Lotioncrafter gives some good info about their broadspectrum preservatives.
http://www.lotioncrafter.com/lotioncraf ... ervatives/


----------



## Twilitr (Dec 15, 2009)

I found on i like onlotion crafters, how much would be enough to make a few 4oz scrubs and still have some left over, whats the equation of amout of pres. per lb of oil?


----------



## Zenobiah (Dec 15, 2009)

It usually says on the website what the percentage of preservative is supposed to be.


----------



## awi (Dec 17, 2009)

I don't mean to hi-jack this thread, but I am also interested in making some sugar scrubs WITHOUT any preservative.  I understand how hands dipping into a jar would introduce bacteria and water causing it to grow nasty stuff, but would it be appropriate to mix up a small batch and place enough into a container as a "one time use" item.  You could use those little condiment style cups with the clear lid and sell them like that couldn't you?  What do you all think....I am just throwing an idea out there.


----------



## dagmar88 (Dec 17, 2009)

If it's for personal use only. Sometimes I do make a very simple scrub (just some salt, sugar & oils/butters) and use it right away.
But for selling & giving away, no preservative isn't an option.


----------



## Zenobiah (Dec 17, 2009)

This is why I am so interested in the sugar cube scrub. No need for preservative as it is 1. soap and 2. in single-use portions.


----------



## awi (Dec 17, 2009)

Zenobiah said:
			
		

> This is why I am so interested in the sugar cube scrub. No need for preservative as it is 1. soap and 2. in single-use portions.

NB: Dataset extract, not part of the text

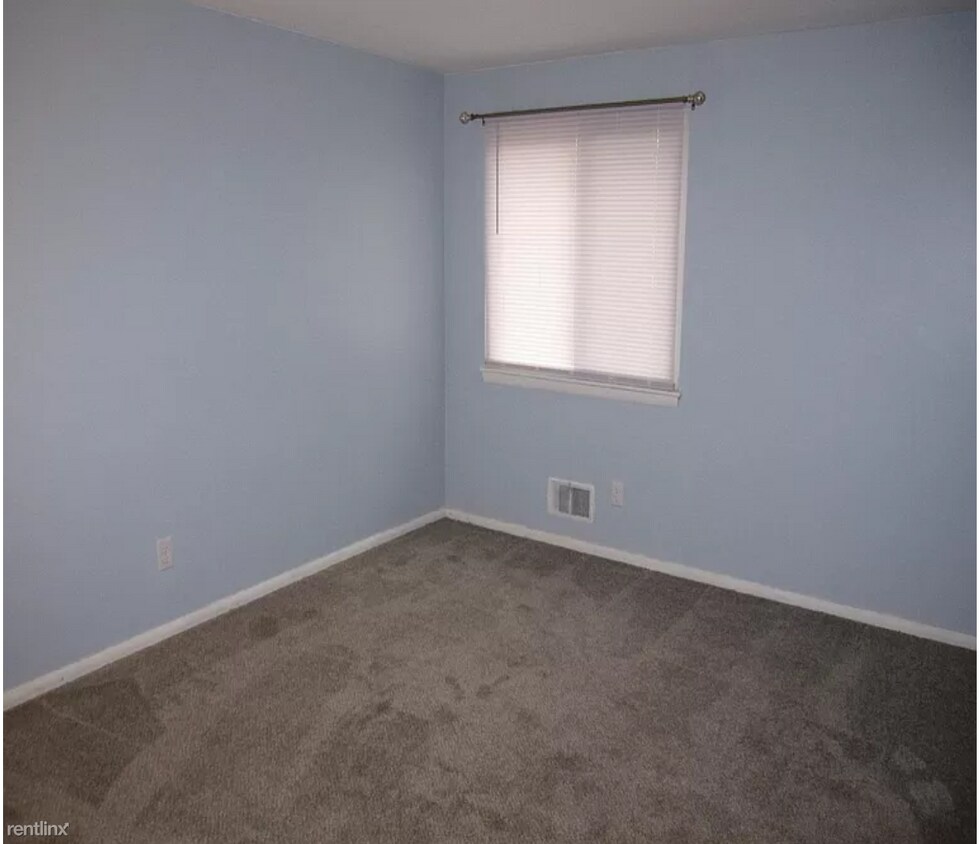 Foto del edificio - 3 br, 2.5 bath House - 30 Livoli Rd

Zenobiah -  I have never heard of these, but sound really neat...how do you do it?


----------



## renaissancemom (Jan 2, 2010)

sugar is a natural preservative in itself, it inhibits bacterial growth caused by heat or steam.  Vitamin E, to my knowledge and understanding, is an atioxidant that is used to preserve oils and would be good to use in a sugar scrub.


----------



## Tabitha (Jan 2, 2010)

> sugar is a natural preservative in itself, it inhibits bacterial growth caused by heat or steam. Vitamin E, to my knowledge and understanding, is an atioxidant that is used to preserve oils and would be good to use in a sugar scrub.



Sugar may act as a preservative in some situation, such as canning fruit, but it is not the sugar alone or you would not have to boil the jars to suck the air out. 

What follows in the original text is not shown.